EXERCISE
Below is a block of entries; repeat exactly the lines starting at the line that contains "Coat of arms of" and ending at the line that contains "Maklaine Rustic Slate", both included.

DATA TO PROCESS
BEGIN
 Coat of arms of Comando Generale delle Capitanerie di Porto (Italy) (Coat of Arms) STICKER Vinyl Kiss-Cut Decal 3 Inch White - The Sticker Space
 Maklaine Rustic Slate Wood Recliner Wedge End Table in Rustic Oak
END
BEGIN
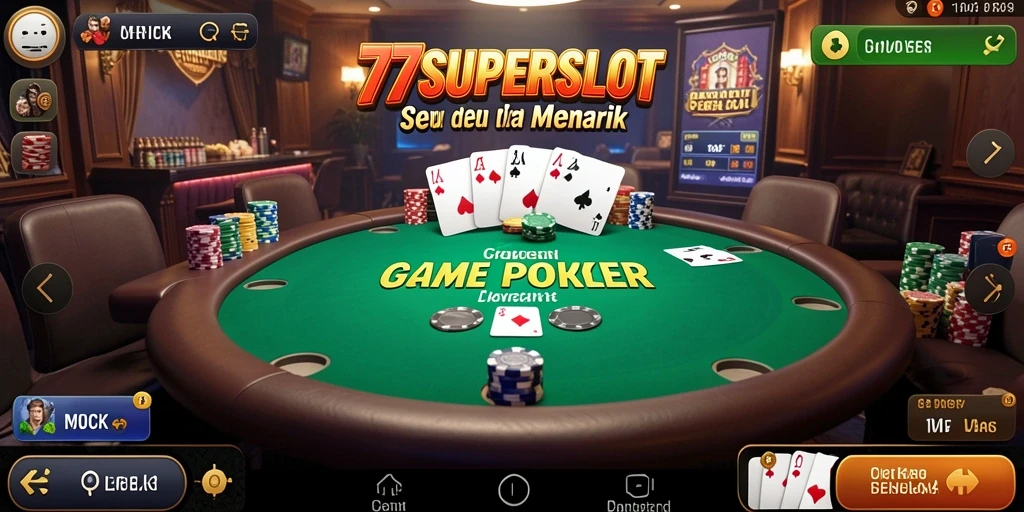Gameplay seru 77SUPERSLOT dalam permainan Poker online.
END
BEGIN
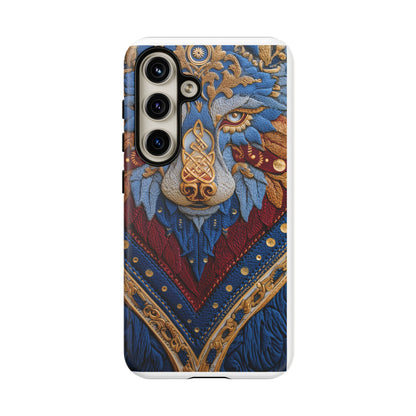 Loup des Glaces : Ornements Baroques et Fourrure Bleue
END
OUTPUT FOR THIS TASK
 Coat of arms of Comando Generale delle Capitanerie di Porto (Italy) (Coat of Arms) STICKER Vinyl Kiss-Cut Decal 3 Inch White - The Sticker Space
 Maklaine Rustic Slate Wood Recliner Wedge End Table in Rustic Oak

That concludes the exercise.